Самое неотвратимое в больницах совкового формата- это вареные в молоке макаронные изделия мягких сортов хрен пойми чего, вероятнее всего репяха полевого, сложноцветного.
Макароны эти в принципе не стоит варить. Они прекрасны в картинах младшеклассников, когда задали любимую учительницу сваять из подручных средств, но питаться этим нельзя. Особенно нельзя этим питаться, когда у тебя все болит, а мир состоит из жары, чешущегося подгипсовья и мерзких здоровых людишек вокруг.

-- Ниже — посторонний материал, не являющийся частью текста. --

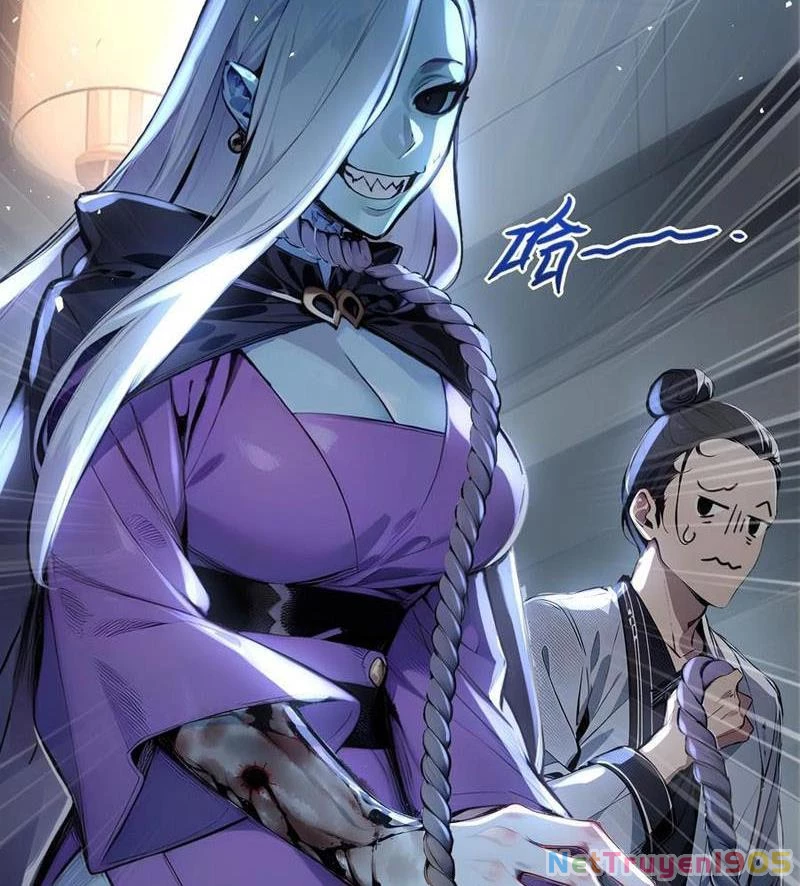 Ta Khiến Trăm Vạn Người Tu Tiên Tức Phát Khóc Chapter  13 - 11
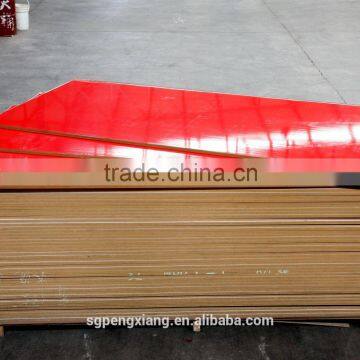 4x8 UV MDF / UV Panel / High gloss UV Board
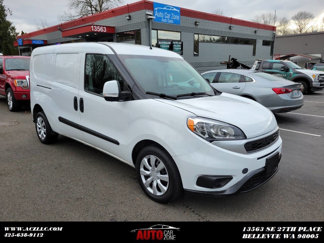Used 2021 RAM ProMaster City Tradesman SLT image 1
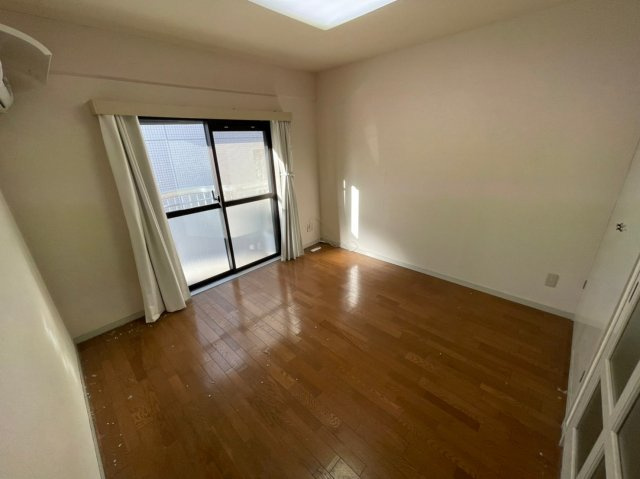 グランドール天神の内装|グランドール天神(同間取り別室写真)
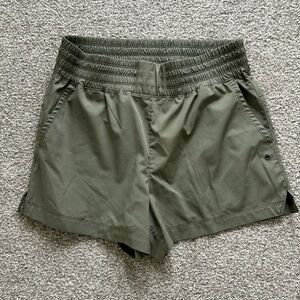 COPY - Dry quick pull on shorts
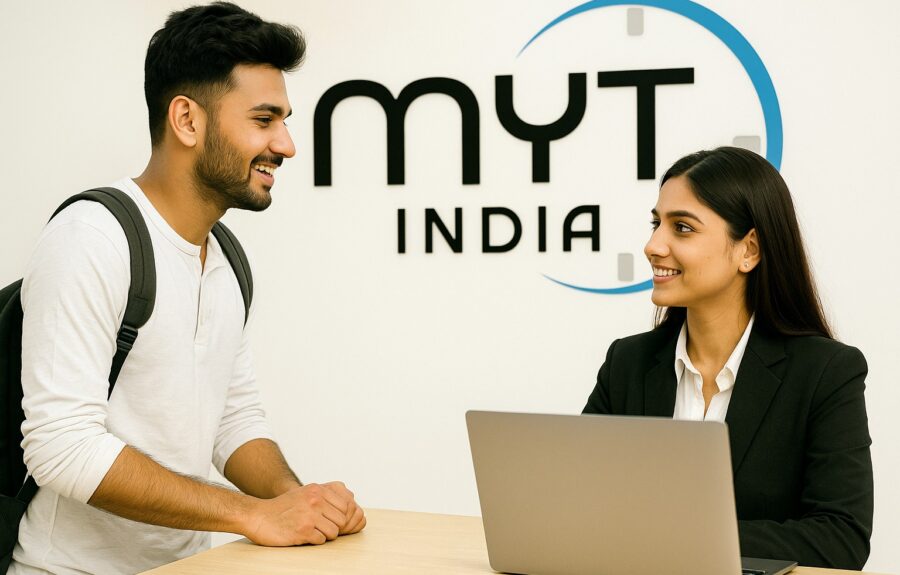 MYT India | Online digital marketing course in kerala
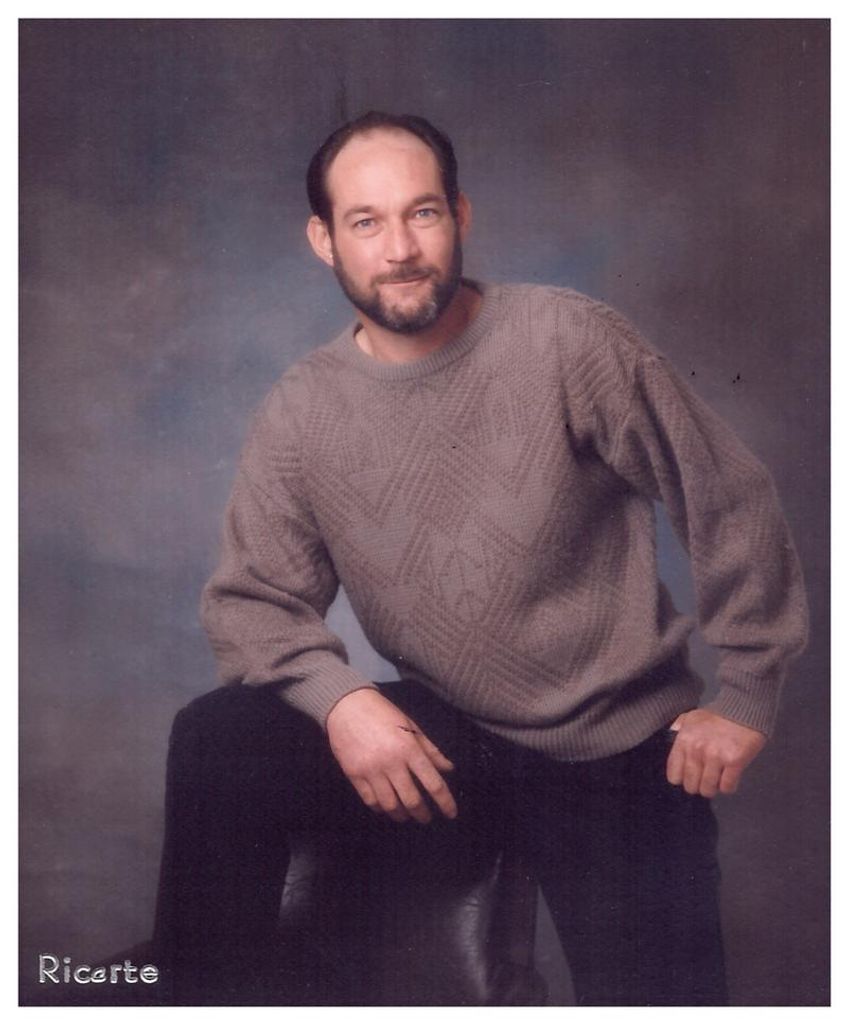 Edward B. "Eddie" Childers Profile Photo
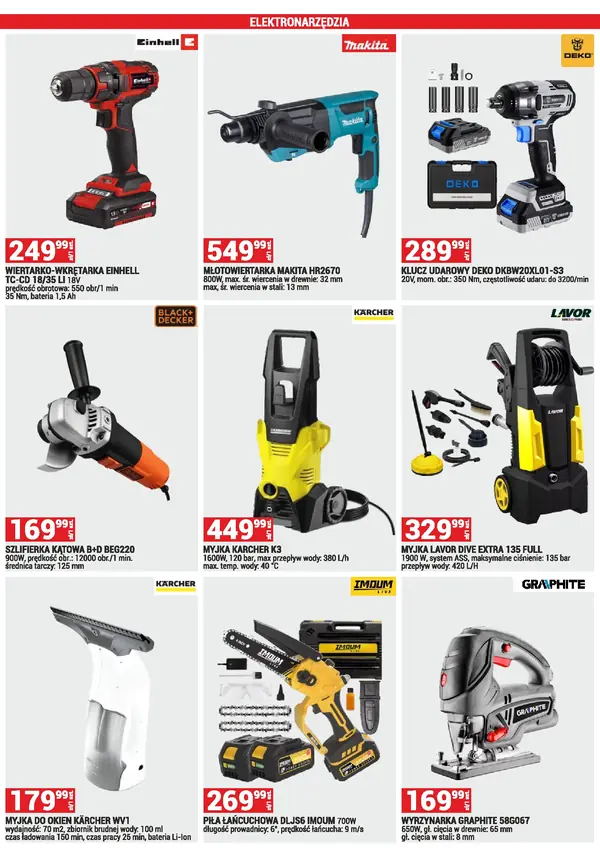 Strona 40 gazetki Mercury Market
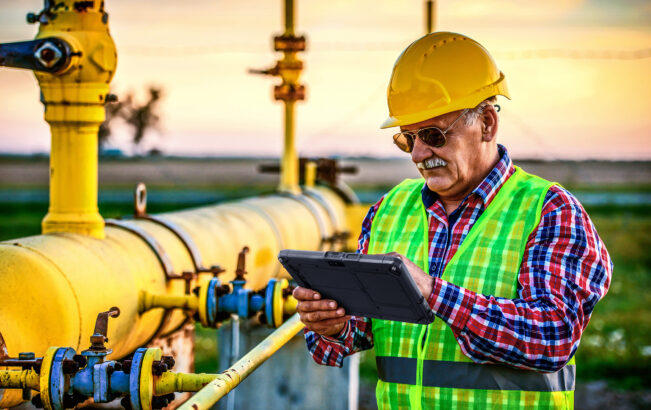 Getac ZX10 : En Hafif 10 İnçlik Ve Tamamen Dayanıklı Tablet Özelliğini Taşıyor 75 Getac ZX10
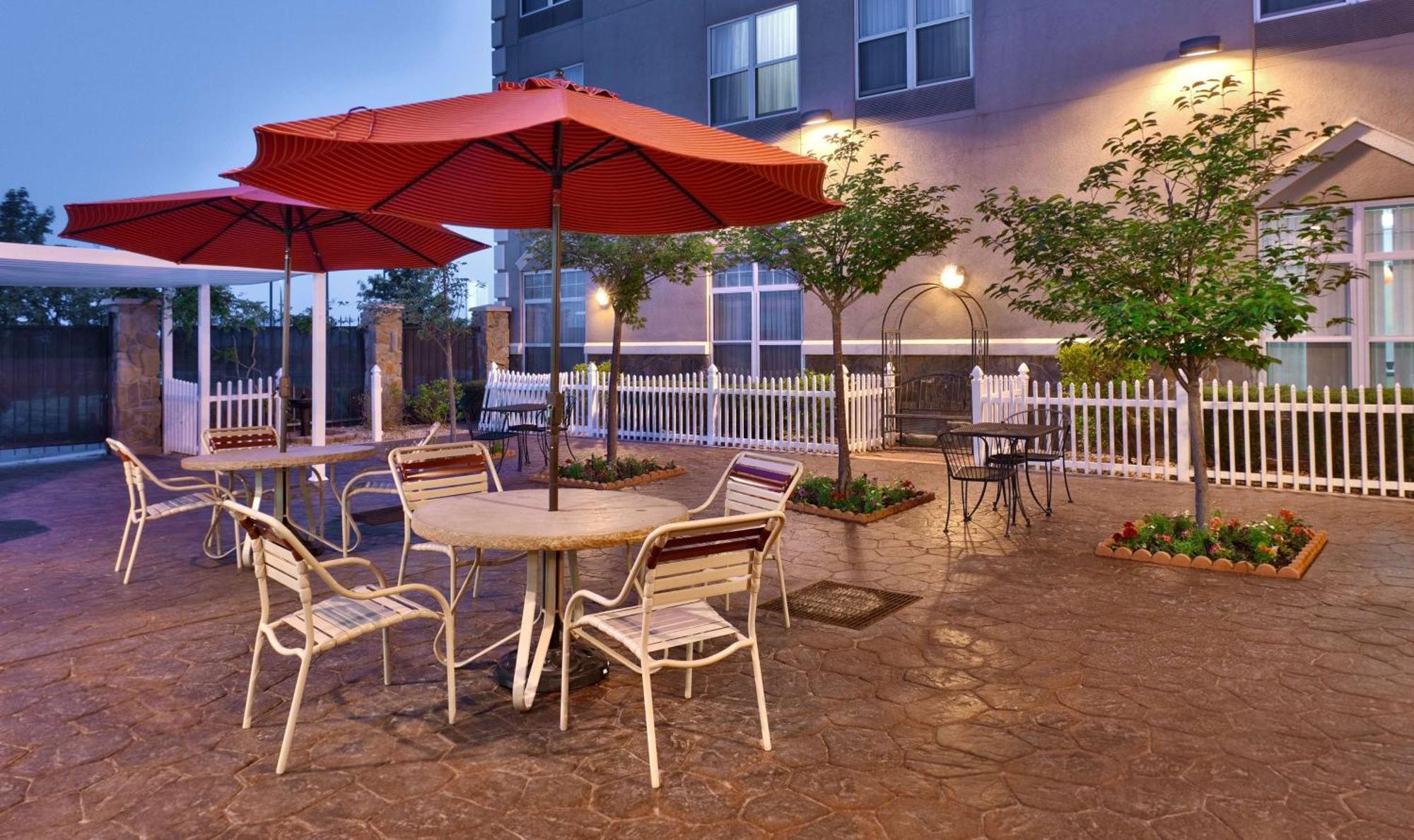 Hampton Inn & Suites Orem/Provo מראה חיצוני תמונה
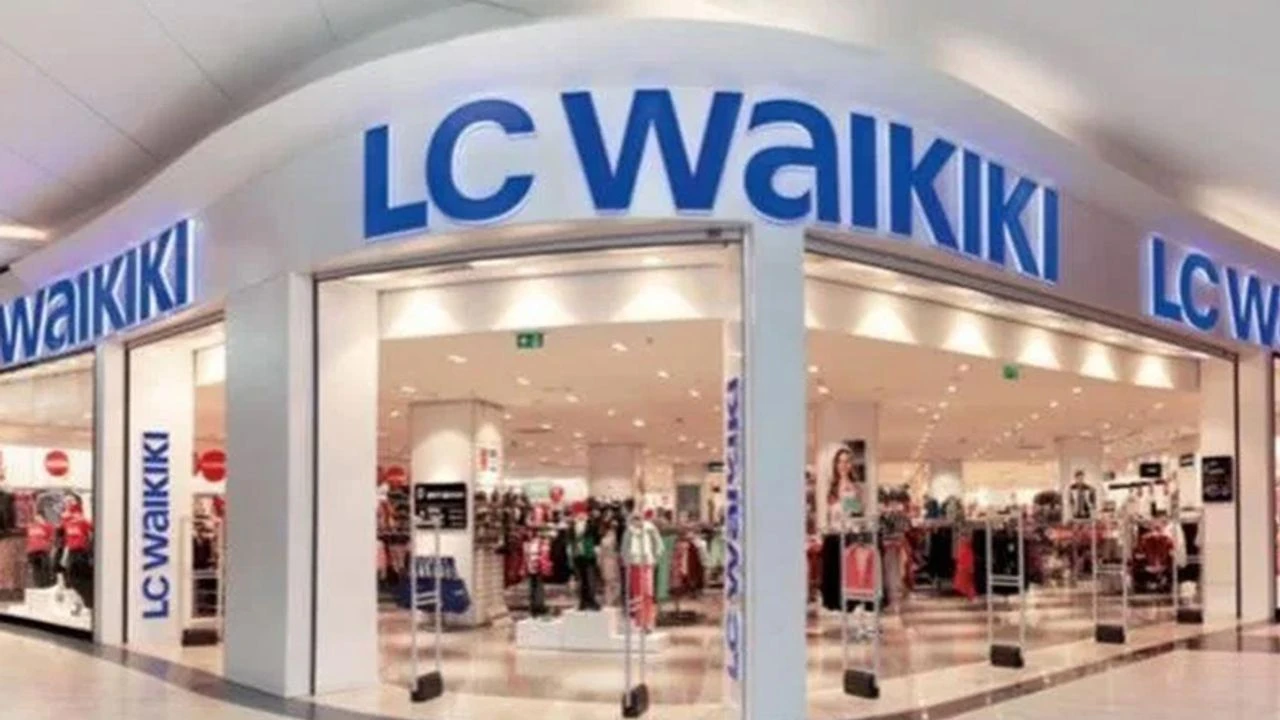 LCW Fırsat Çarkı ve Kupon Kodu Kasım 2024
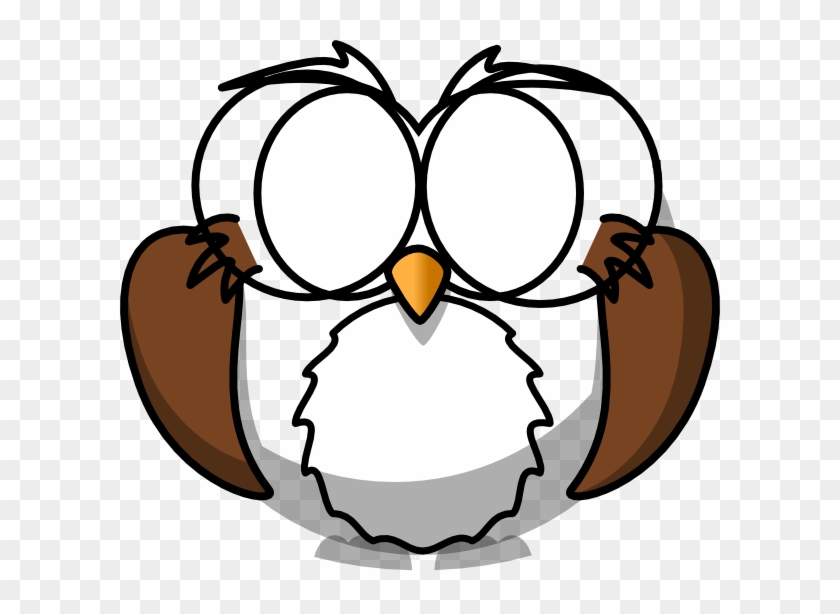 Owl Coloring Pages #954684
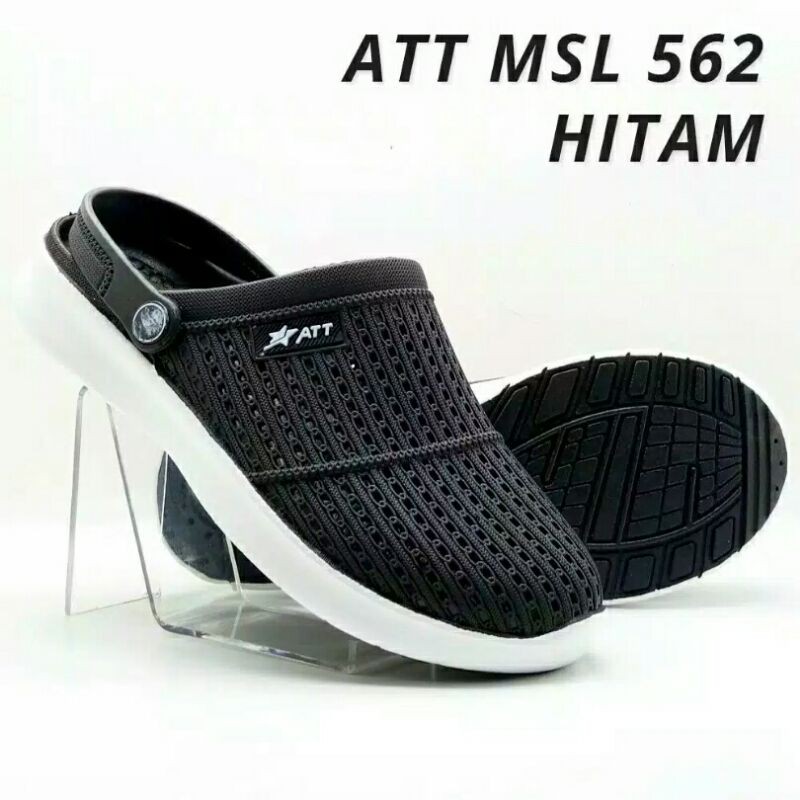 sandal slop Att jaring/sandal baim att msl 562-2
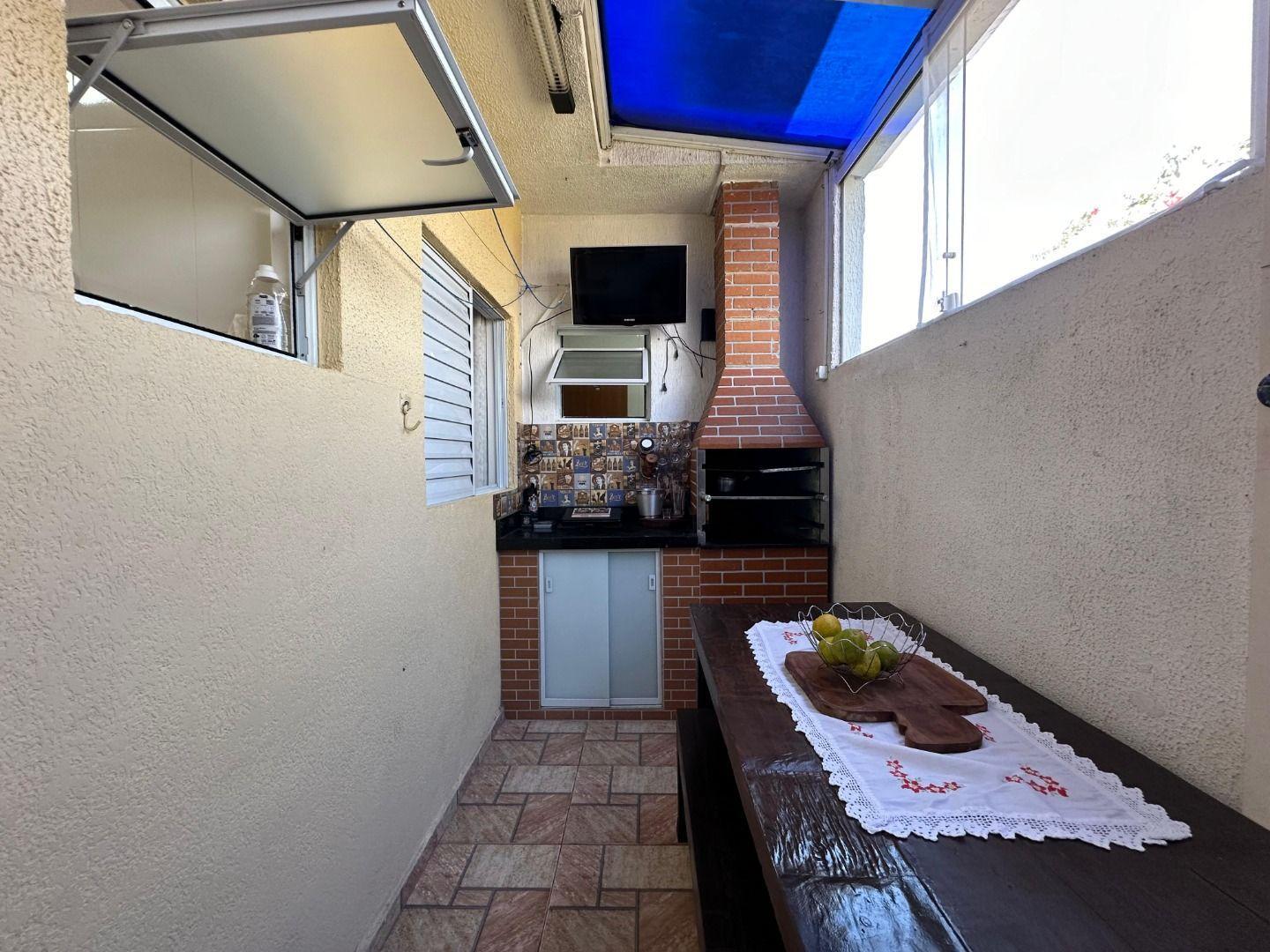 Casa, 2 quartos, 53 m² - Foto 18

Причем, вы же должны понимать, что гений, придумавший сварить из молока и макарон мутноватую жижу- он садист, мизантроп и откровенный вредитель. В этой мерзости отвратительно всё: эти разлезшиеся комки теста, сероватая слизь по периметру тарелки, запах ведра, в котором плохо вымыли позавчерашнюю тряпку.
Вертись ты в гробу, утырок, придумавший кормить ЭТИМ людей в 21-м веке.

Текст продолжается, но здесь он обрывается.